The value of the federal minimum wage has declined 24 percent since 1968. If we re-established the relationship between the minimum wage and the overall median wage to its 1968 level, we would raise wages for 35 million people, a full quarter of the workforce.


It is the pushed rhetoric that the blame rests on these workers themselves as oppossed to the giants who are really to blame for their greedy self interest and manipulation to ensure profits remain high, at the cost of wages remaining low (The biggest cost any employer faces), whilst pushing well crafted propaganda to ensure those who do not feel the pinch as hard blame those that do. People who earn more money are obviously somewhat annoyed they pay towards public programs that support those earning less, blaming them however when in actual fact they are the vitcims of corporate domination is just wrong. In actual fact you are paying support for those people and familys so that TPTB can run away with everyones money. A pretty good divisionary tactic for the elitists and one of the many in use today. Surprising just how many people fall for it.
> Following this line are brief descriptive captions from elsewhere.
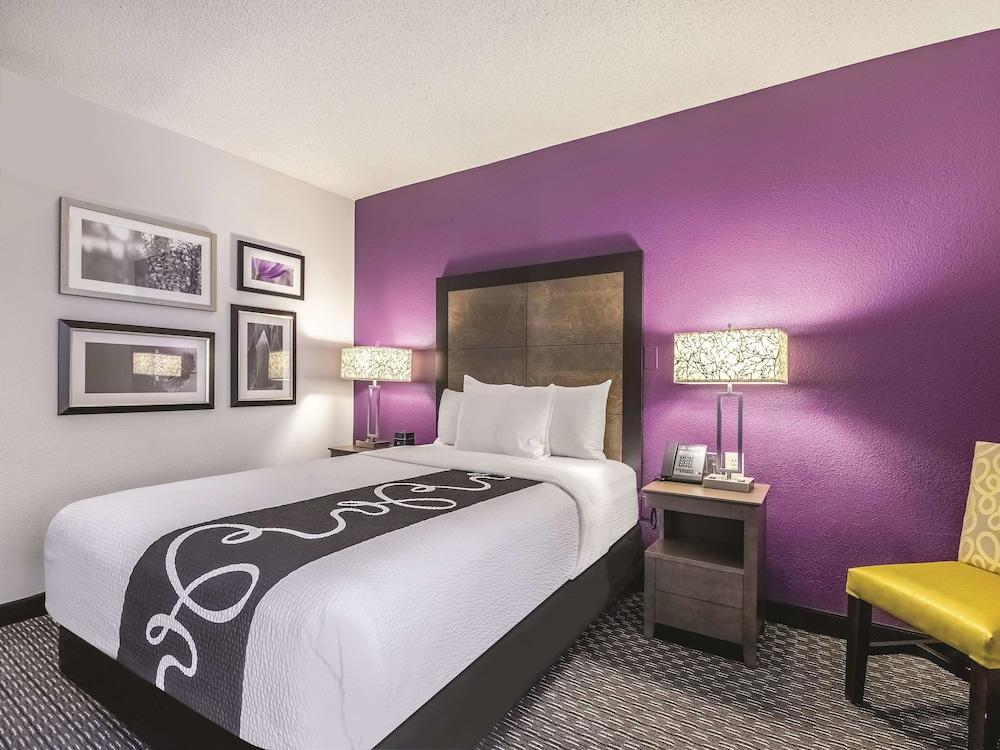 La Quinta By Wyndham Hartford Bradley Airport Ξενοδοχείο Windsor Locks Εξωτερικό φωτογραφία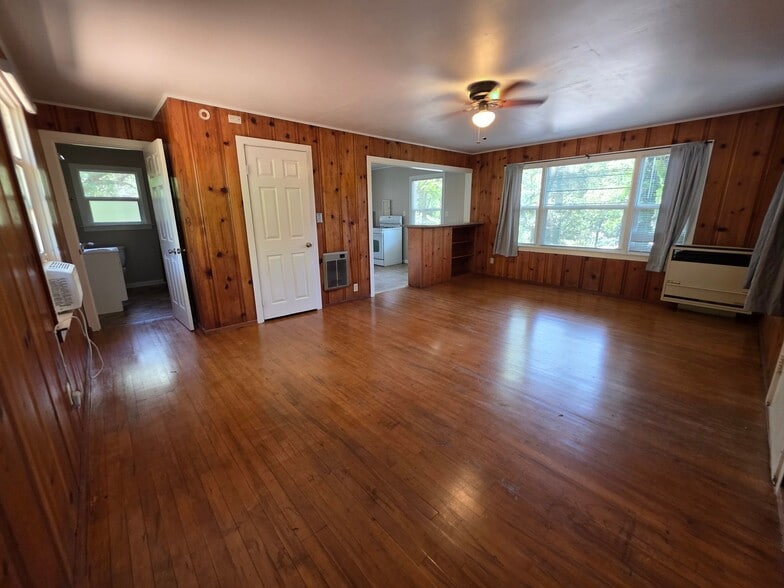 Building Photo - 16619 Old Stagecoach Rd
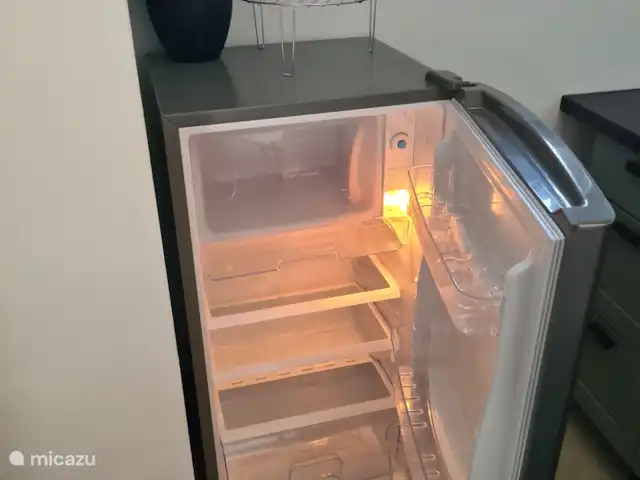 apartamento en Italia, Cerdeña, Pula – Sa Mooi Domu Refrigerador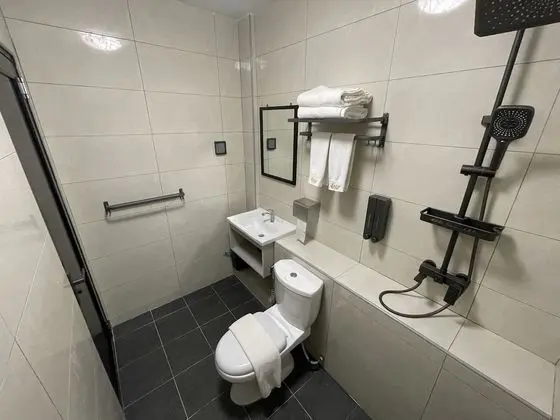 b. Standard Queen Room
Low Wages Cost U.S. Taxpayers $152.8 Billion Each Year in Public Support for Working Families

Stagnating wages and decreased benefits are a problem not only for low-wage workers who increasingly cannot make ends meet, but also for the federal government as well as the 50 state governments that finance the public assistance programs many of these workers and their families turn to. Nearly three-quarters (73 percent) of enrollees in America’s major public support programs are members of working families;4 the taxpayers bear a significant portion of the hidden costs of low-wage work in America.


This constant dislike, resentment and sometimes pure hatred of the victims who have done nothing wrong except be forced to work for increasingly poor returns, All to keep prices down and profits up, is ridiculous. They may recieve public support, but its the companies that profit it from this, and those who are not struggling as hard pay the bill.



The poor economic outcomes of workers that result from corporate lobbying efforts are scandalous considering the economy’s net productivity has increased 93 percent since 1968 and low-wage workers have far more education today. Employers steal billions in wages from their workers every year because of a lack of will and/or government resources to adequately enforce labor standards. Meanwhile, the powerful lobbies work to effectively disempower workers by convincing legislatures to water down collective bargaining rights and weaken unions.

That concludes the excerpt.